Task for the records below: copy exactly from the first line on, stopping once the line with "Zara New Knotted" is copied, and leave out the pictures.

[Source material Boundary: Start]

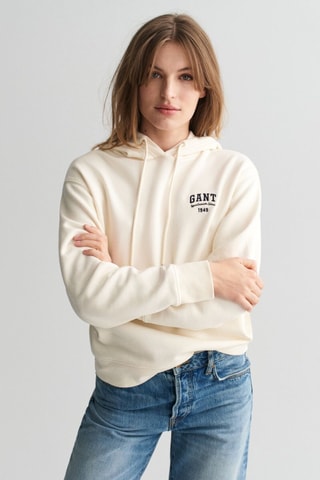Sweat relaxed à capuche - Crème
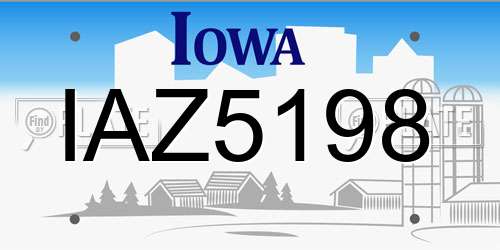 IAZ5198 Iowa License Plate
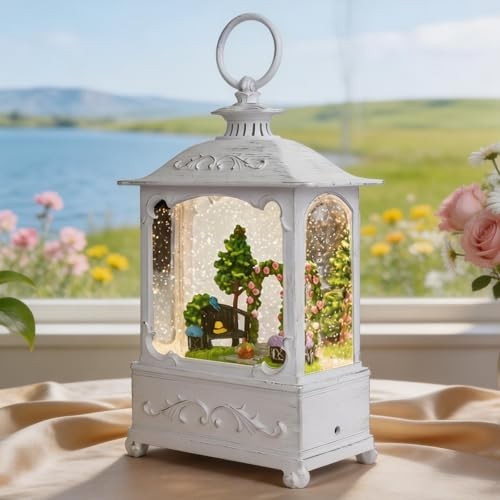 Spring Snow Globe Lantern - Light Up Glitter Water Globe, 6H Timer, USB & Batter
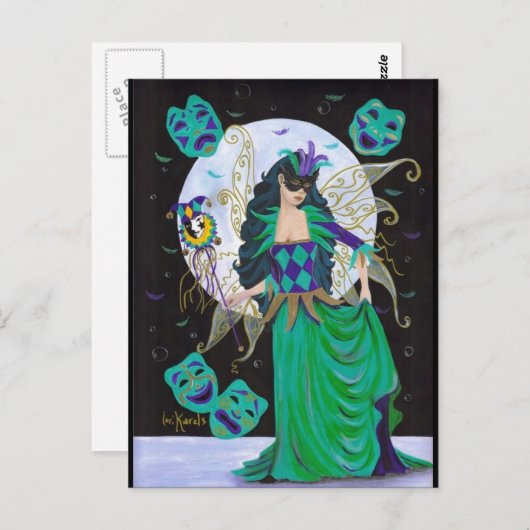 Mardi Gras Fairy Briefkaart (Voorkant / Achterkant)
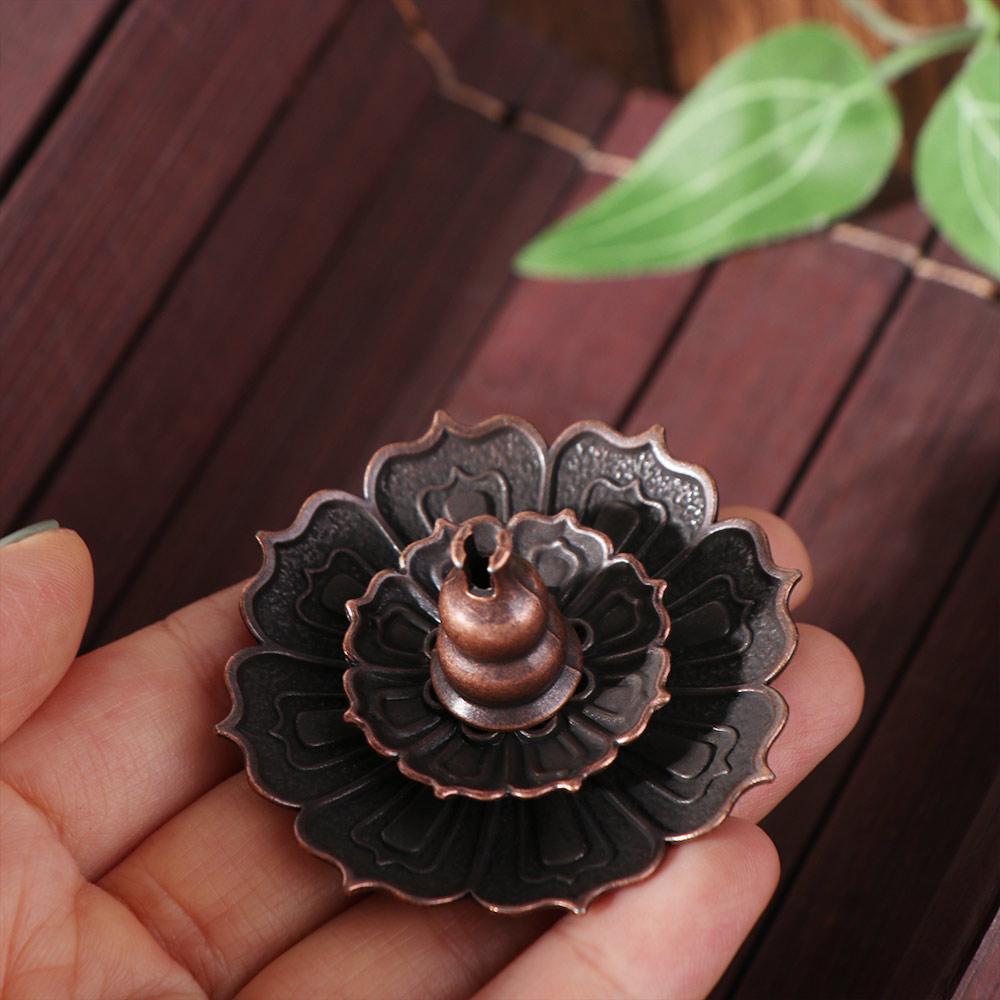 Lotus Design Incense Burner 2/3 Layer 6 Holes Incense Stick Holder Vintage Detachable Ash Catcher Lotus Aromatherapy Stand
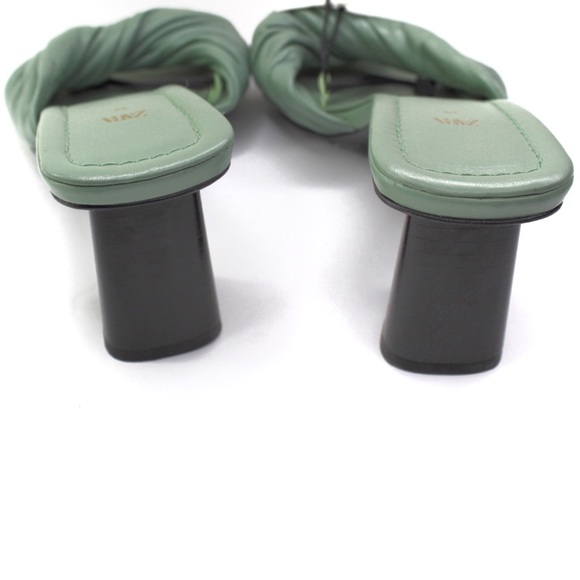 Zara New Knotted Heeled Leather Sandals 7.5 / 38 Seafoam Green NWT - Picture 12 of 16
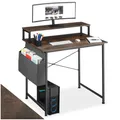 Produktbild: tectake® Computertisch mit Ablage Schreibtisch Zubehör, Bürotisch mit Monitorständer, Gaming Tisch, Laptoptisch für Home Office, 85,5 x 46,5 x 140 cm - Industrial Dunkelbraun, 80 cm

[Source material Boundary: End]

Solved problem:
Sweat relaxed à capuche - Crème
 IAZ5198 Iowa License Plate
 Spring Snow Globe Lantern - Light Up Glitter Water Globe, 6H Timer, USB & Batter
 Mardi Gras Fairy Briefkaart (Voorkant / Achterkant)
 Lotus Design Incense Burner 2/3 Layer 6 Holes Incense Stick Holder Vintage Detachable Ash Catcher Lotus Aromatherapy Stand
 Zara New Knotted Heeled Leather Sandals 7.5 / 38 Seafoam Green NWT - Picture 12 of 16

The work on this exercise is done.